[PROMPT]: Every line below from the one containing "BBK Performance 86-10" through the one containing "Viet Hung Bi" must be transcribed exactly. Omit all lines outside that stretch.

BEGIN GIVEN INFORMATION

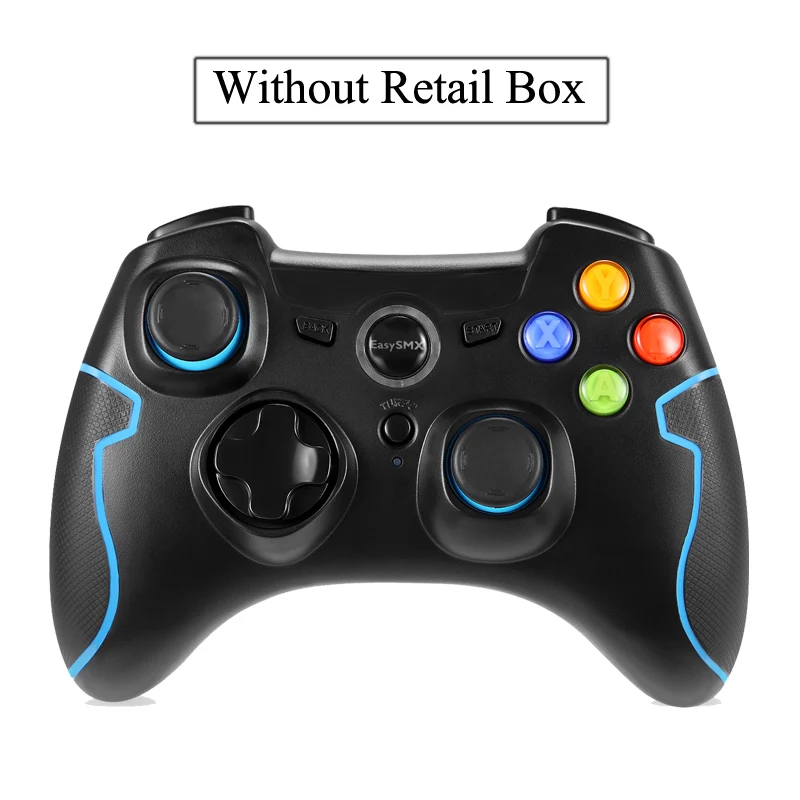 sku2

END GIVEN INFORMATION
BEGIN GIVEN INFORMATION

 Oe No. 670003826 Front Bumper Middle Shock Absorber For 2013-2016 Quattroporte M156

END GIVEN INFORMATION
BEGIN GIVEN INFORMATION

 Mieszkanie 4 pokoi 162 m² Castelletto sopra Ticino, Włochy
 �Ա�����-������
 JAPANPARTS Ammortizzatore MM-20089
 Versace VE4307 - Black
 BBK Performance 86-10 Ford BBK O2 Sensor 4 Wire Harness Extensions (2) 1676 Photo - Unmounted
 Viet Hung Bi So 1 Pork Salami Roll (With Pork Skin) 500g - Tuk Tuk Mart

END GIVEN INFORMATION

[EXERCISE RESULT]:
 BBK Performance 86-10 Ford BBK O2 Sensor 4 Wire Harness Extensions (2) 1676 Photo - Unmounted
 Viet Hung Bi So 1 Pork Salami Roll (With Pork Skin) 500g - Tuk Tuk Mart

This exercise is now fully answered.